На следующее утро, взяв с собой людей, я похоронил семью Беннони в тени мрачной рощицы, прилегающей к дому. Затем я стал наводить справки, нет ли каких-либо родственников их, но жители города были враждебны и не сказали бы, даже если бы и знали. Я обыскал весь город, но убийц не отыскал: они исчезли, как будто земля их проглотила, хотя я имею основание думать, что они живы до сих пор.
В течение нескольких лет, во время итальянской кампании, я разыскивал наследников Беннони, но безуспешно. По возвращении во Францию я возобновил свои розыски посредством писем, но также безуспешно, пока наконец недавно я не получил письмо от их бывшего секретаря, который одновременно был и наставником юноши. Он сообщил мне всю историю этой семьи и заключил письмо тем, что эта семья была совершенно истреблена во время войн последних сорока лет. Таким образом, я решил, что эти сокровища могут принадлежать мне, как и кому-либо другому, и стал думать, как бы получше использовать их.

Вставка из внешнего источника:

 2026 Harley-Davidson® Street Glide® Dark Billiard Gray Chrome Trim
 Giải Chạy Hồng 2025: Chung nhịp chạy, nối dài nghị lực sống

Два раза за время моего владения этими сокровищами я подвергался предательскому нападению: один раз – во время охоты с адмиралом де Колиньи, когда стрела, пущенная сзади меня из самострела, задела только мой дублет, и второй раз на улице Парижа, когда на меня напали двое бродяг и я избегнул смерти только благодаря быстроте моего глаза и силе руки. К несчастью, я убил обоих, так что не было возможности узнать, кто руководил ими. Вчера я долго был у великого камня Брео, который, как ты знаешь, по преданию, служил алтарем у какого-то древнего народа; а сегодня я заметил, что земля на большом расстоянии вокруг него разрыта и видны следы двух человек, одного, очевидно, тяжеловесного. Как видно, те двое негодяев еще не отказались от розысков.

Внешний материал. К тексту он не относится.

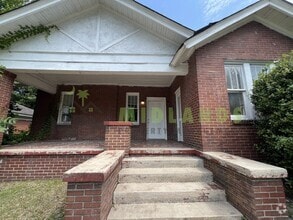 Building Photo - 2441 Gervais St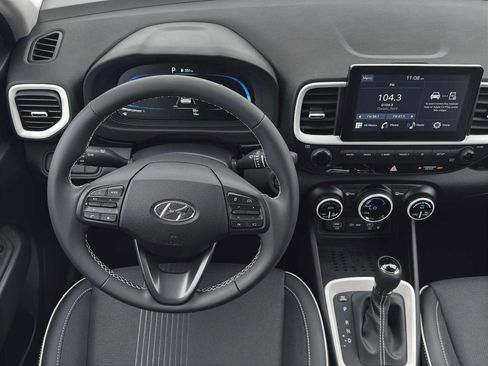 New 2026 Hyundai Venue SEL FWD image 17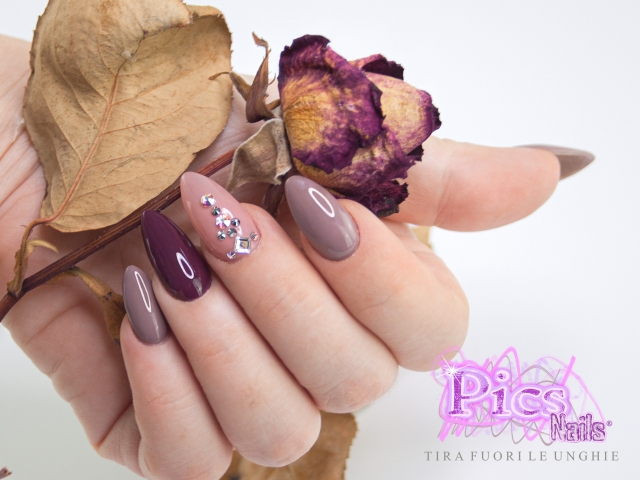 Autumn Nude Gel Nails Polish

А теперь, мой дорогой сын, я должен тебе сказать, к каким выводам я пришел. Я часто замечал, что неограниченное богатство в молодости ведет к распущенной жизни и лени в возмужалом возрасте; оно не ведет ни к чести, ни к славе, ни к дальнейшему увеличению богатства; между тем как бедный, единственное состояние которого только его шпага, если только в его жилах течет хорошая кровь, будет сам добиваться славы, богатства и всяких успехов. Как тебе известно, я посвятил последние три года твоему воспитанию и надеюсь, что сделал из тебя скромного и способного юношу. Ты обладаешь сильным телом, прекрасно владеешь шпагой, и я решил скрыть от тебя, что ты будешь обладать таким большим состоянием, и предоставить тебе возможность развивать свои таланты в трудных условиях жизни, пока тебе не исполнится двадцать пять лет, когда ты уже будешь иметь достаточно опыта, чтобы благоразумно распоряжаться своим богатством.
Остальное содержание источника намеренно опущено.